Following this episode, peace between the Klingons and Federation will be managed via the Organian Peace Treaty, as established in “The Trouble with Tribbles.”

Star Trek, Original Series, season one, Errand of Mercy

Ayelbourne’s assurance that the Federation and Klingons will become fast friends is seen in the 24th-century spinoffs, in which they are allies (save for a brief period during DS9‘s fourth and fifth seasons) catalyzed by the events of The Undiscovered Country. Apparently, Worf was specifically made into a bridge officer on the Enterprise for TNG in order to show that Ayelbourne’s prediction did indeed come true.

The Organians will be seen again in the Enterprise episode “Observer Effect.” They’re also seen in several bits of tie-in fiction, such as James Blish’s Spock Must Die!, the first four issues of DC’s first monthly Star Trek comic book by Mike W. Barr, Tom Sutton, and Ricardo Villagran, and The Q-Continuum trilogy by Greg Cox.

Star Trek, Original Series, season one, Errand of Mercy

The episode’s title comes from The Life and Adventures of Nicholas Nickleby by Charles Dickens: “It is an errand of mercy which brings me here. Pray, let me discharge it.”

It had been intended to bring Colicos back as Kor in both “The Trouble with Tribbles” and “Day of the Dove,” but he was unavailable each time, and so different Klingons were substituted. An episode was written for Kor for the fourth season, but the show was cancelled.

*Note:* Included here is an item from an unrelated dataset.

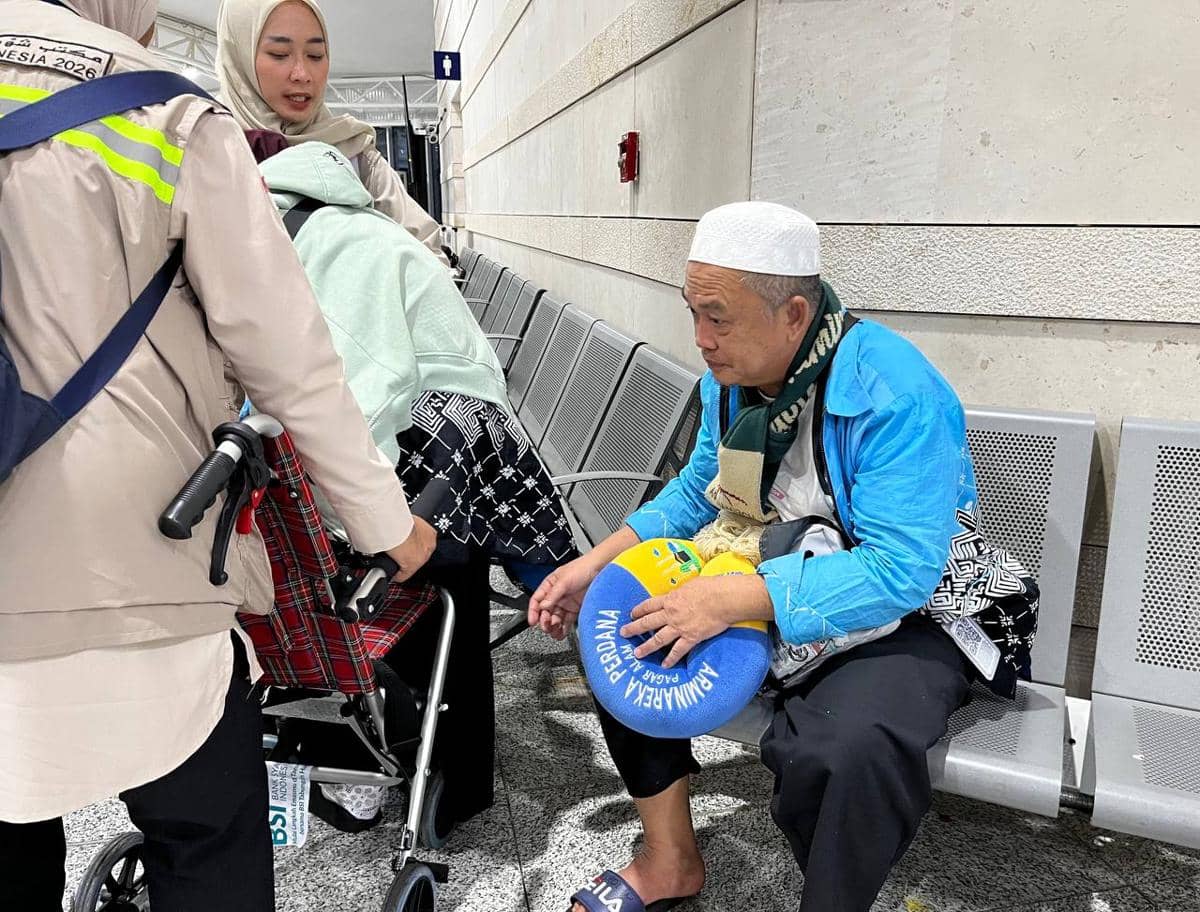 Seorang jemaah haji pria mengenakan kopyah putih duduk di kursi bandara sambil memegang bantal, sementara petugas membantu lansia di kursi roda.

Star Trek, Original Series, season one, Errand of Mercy

An issue of the Blood Will Tell comic book by Scott & David Tipton and David Messina told this story from the Klingon perspective.

Kor makes dozens of subsequent appearances in tie-in fiction as well, far too numerous to name here, but a few of them include the aforementioned Spock Must Die! as well as your humble rewatcher’s “The Unhappy Ones” in Seven Deadly Sins, The Tears of the Singers by Melinda M. Snodgrass, “Though Hell Should Bar the Way” by Greg Cox in Enterprise Logs, “The Leader” by Dave Galanter in Constellations, the graphic novel Debt of Honor by Chris Claremont, Adam Hughes, and Karl Story, The Centre Cannot Hold by Mike W. Barr (part of the Mere Anarchy miniseries), Forged in Fire by Andy Mangels & Michael A. Martin, and the TOS and DS9 installments of the Day of Honor miniseries (by, respectively, Dean Wesley Smith & Kristine Kathryn Rusch and L.A. Graf).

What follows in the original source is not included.